NumaConnect - the Technology
Cache Coherent Shared Memory
The big differentiator for NumaChip compared to other high-speed interconnect technologies is the shared memory and cache coherency mechanisms. These features allow programs to access any memory location and any memory mapped I/O device in a multiprocessor system with high degree of efficiency. It provides scalable systems with a unified programming model that stays the same from the small multi-core machines used in laptops and desktops to the largest imaginable single system image machines that may contain thousands of processors. The architecure is commonly classified as ccNUma or Numa but the interconnect system can alternatively be used as low latency clustering interconnect.
There are a number of pros for shared memory machines that lead experts to hold the architecture as the holy grail of computing compared to clusters:
- Any processor can access any data location through direct load and store operations - easier programming, less code to write and debug
- Compilers can automatically exploit loop level parallelism - higher efficiency with less human effort
- System administration relates to a unified system as opposed to a large number of separate images in a cluster - less effort to maintain
- Resources can be mapped and used by any processor in the system - optimal use of resources in a virtualized environment
- Process scheduling is synchronized through a single, real-time clock - avoids serialization of scheduling associated with asynchronous operating systems in a cluster and the corresponding loss of efficiency
These features are all available in high cost mainframe systems from IBM, Sun, HP and Silicon Graphics. The only catch is that these systems hold a price tag that is 30 times higher per CPU core compared with commodity servers. In the low end, the multiprocessor machines from Intel and AMD have proven multiprocessing to be extremely popular with the commodity price levels: The dual processor socket machines are by far selling in the highest volumes.

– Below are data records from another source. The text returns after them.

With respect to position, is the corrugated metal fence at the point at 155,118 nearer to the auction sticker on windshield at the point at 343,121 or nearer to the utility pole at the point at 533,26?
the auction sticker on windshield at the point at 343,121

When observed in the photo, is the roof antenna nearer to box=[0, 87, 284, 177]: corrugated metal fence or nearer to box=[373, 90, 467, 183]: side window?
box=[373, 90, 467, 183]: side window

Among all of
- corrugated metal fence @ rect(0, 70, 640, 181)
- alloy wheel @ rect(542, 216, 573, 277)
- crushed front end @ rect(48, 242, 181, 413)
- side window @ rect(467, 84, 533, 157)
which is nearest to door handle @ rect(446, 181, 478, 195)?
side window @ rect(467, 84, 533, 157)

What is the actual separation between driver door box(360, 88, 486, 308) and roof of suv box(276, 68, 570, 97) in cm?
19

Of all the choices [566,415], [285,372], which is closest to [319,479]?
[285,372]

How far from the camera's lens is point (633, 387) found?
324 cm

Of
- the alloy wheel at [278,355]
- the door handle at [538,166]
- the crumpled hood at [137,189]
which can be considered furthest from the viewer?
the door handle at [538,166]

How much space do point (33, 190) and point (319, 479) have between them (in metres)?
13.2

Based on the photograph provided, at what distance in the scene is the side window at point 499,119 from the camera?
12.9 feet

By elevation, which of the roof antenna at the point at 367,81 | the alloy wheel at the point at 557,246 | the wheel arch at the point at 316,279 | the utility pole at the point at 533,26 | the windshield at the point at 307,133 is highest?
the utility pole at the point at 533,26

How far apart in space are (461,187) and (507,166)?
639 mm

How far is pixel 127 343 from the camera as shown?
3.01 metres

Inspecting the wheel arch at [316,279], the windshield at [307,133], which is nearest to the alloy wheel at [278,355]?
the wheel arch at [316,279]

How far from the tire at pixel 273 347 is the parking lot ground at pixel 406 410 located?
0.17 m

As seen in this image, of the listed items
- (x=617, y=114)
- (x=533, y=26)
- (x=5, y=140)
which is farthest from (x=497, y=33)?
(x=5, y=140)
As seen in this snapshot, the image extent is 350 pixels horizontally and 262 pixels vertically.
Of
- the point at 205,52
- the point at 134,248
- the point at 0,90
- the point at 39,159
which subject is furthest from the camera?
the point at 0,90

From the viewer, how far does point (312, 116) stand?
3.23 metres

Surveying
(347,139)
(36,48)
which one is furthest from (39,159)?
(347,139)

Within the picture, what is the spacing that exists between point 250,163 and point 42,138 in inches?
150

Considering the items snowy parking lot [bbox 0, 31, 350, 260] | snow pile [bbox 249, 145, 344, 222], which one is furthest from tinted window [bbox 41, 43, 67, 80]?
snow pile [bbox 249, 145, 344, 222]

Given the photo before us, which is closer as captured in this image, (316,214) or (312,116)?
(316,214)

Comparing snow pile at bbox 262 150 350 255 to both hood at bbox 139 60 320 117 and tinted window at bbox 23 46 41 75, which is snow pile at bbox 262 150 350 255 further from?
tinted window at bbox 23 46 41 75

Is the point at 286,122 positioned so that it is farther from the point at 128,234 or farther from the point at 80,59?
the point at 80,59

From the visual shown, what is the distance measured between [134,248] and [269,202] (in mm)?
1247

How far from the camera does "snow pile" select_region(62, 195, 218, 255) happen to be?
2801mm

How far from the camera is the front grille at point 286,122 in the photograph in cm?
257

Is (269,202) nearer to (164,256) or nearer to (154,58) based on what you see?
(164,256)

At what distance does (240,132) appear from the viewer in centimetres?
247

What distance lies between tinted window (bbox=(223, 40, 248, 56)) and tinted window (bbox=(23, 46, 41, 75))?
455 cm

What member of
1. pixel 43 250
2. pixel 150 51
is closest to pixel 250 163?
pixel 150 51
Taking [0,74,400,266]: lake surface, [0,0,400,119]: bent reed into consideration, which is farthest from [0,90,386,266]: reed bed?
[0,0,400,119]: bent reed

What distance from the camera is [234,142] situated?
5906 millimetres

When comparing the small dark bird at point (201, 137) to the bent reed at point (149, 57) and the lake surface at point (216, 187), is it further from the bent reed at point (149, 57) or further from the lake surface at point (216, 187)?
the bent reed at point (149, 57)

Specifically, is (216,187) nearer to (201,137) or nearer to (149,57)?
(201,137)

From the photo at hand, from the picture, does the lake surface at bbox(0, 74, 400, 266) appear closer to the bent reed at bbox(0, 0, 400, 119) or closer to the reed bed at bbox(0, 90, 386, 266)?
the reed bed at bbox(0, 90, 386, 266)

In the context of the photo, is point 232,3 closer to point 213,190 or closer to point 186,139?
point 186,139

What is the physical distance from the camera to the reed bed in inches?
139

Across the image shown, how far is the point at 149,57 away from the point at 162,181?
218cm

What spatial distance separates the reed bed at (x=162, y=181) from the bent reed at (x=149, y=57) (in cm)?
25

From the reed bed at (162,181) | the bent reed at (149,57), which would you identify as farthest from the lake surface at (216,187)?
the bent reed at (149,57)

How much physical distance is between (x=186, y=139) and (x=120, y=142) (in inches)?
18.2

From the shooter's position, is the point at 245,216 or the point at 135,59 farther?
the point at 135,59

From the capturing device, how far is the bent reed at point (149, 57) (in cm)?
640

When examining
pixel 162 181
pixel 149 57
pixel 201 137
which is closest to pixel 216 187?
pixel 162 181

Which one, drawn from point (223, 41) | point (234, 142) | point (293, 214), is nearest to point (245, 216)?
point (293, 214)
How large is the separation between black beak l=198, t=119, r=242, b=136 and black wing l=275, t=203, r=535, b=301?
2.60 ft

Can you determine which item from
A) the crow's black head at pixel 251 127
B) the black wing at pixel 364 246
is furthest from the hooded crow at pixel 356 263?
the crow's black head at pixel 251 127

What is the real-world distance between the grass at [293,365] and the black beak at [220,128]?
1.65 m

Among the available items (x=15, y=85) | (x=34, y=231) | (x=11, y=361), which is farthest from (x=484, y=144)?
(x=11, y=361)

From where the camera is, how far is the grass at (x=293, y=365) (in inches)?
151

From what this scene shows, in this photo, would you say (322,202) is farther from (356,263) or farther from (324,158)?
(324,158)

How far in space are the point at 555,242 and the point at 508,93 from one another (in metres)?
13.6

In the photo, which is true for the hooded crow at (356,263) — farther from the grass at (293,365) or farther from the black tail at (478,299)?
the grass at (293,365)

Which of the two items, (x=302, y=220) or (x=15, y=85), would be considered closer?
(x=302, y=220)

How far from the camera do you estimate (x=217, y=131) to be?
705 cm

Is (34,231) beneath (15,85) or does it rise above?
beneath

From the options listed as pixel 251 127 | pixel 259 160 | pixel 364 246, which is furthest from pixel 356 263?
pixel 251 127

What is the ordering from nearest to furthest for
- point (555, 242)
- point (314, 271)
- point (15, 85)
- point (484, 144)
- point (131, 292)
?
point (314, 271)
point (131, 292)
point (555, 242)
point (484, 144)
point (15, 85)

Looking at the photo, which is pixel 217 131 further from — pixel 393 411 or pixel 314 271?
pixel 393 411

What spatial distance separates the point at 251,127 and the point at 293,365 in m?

Integration in new semiconductor technology
The NumaChip project is first and foremost a project for integrating existing intellectual property in modern semiconductor technology. The two chips in the figure below contain the logic for the cache coherency functionality and the logic to handle transactions between servers with multiple processors, memory and caches. The cache coherency is managed by a specialized processor, called a transaction engine. The transaction engine is in turn controlled by a microprogram that is loaded into the chip during the power-up sequence. This means that functions can be field-upgraded by software.
The previous version of this chip set also required two chips to interface to the processor bus of the Intel P6 family (Pentium Pro was the first generation). The new chip integrates the functionality of the cache controller, 6 link controllers, the equivalent of the two bus interface chips in the form of a HyperTransport interface and 6 4-lane serial interfaces. This saves space, power consumption and cost.
Designed for Scalability and Robustness
The original design was aimed at scaling to very large numbers of processors. To accommodate this, design decisions were made that are still valid.
These design decisions cover areas like global address space of 64 bits, with 16 bits being able to address 65 536 physical nodes and each addressable node can hold multiple processors. Each node can have 256 TeraBytes of memory adding up to a maximum system addressing capacity of 16 ExaBytes (2**64).
NumaChip implements 12 bits for the physical node address, limiting the number of nodes in a single image system to 4,096. Each node can have up to 16 processor cores.
Functionality was included to manage robustness issues associated with high node counts and extremely high requirements for data integrity with the ability to provide high availability for systems managing critical data in transaction processing and real-time control.
A directory based cache coherence protocol was developed to handle scaling with significant number of nodes sharing data to avoid overloading the interconnect between nodes with coherency traffic which would seriously reduce real data throughput.
The basic ring topology with distributed switching allows a number of different interconnect configurations that are more scalable than most other interconnect switch fabrics. This also eliminates the need for a centralized switch and includes inherent redundancy for multidimensional topologies.
Integrated, distributed switching
NumaChip contains an on-chip switch to connect to other nodes in a NumaChip based system and eliminating the need to use a centralized switch. The on-chip switch can connect systems in one, two or three dimensions. Small systems can use one, medium sized system two and large systems will use all three dimensions to provide efficient and scalable connectivity between processors.
The two- and three-dimensional topologies (called Torus) also have the advantage of built-in redundancy as opposed to systems based on centralized switches, where the switch represents a single point of failure.
The distributed switching reduces the cost of the system since there is no extra switch hardware to pay for. It also reduces the amount of rack space required to hold the system as well as the power consumption and heat dissipation from the switch hardware and the associated power supply energy loss.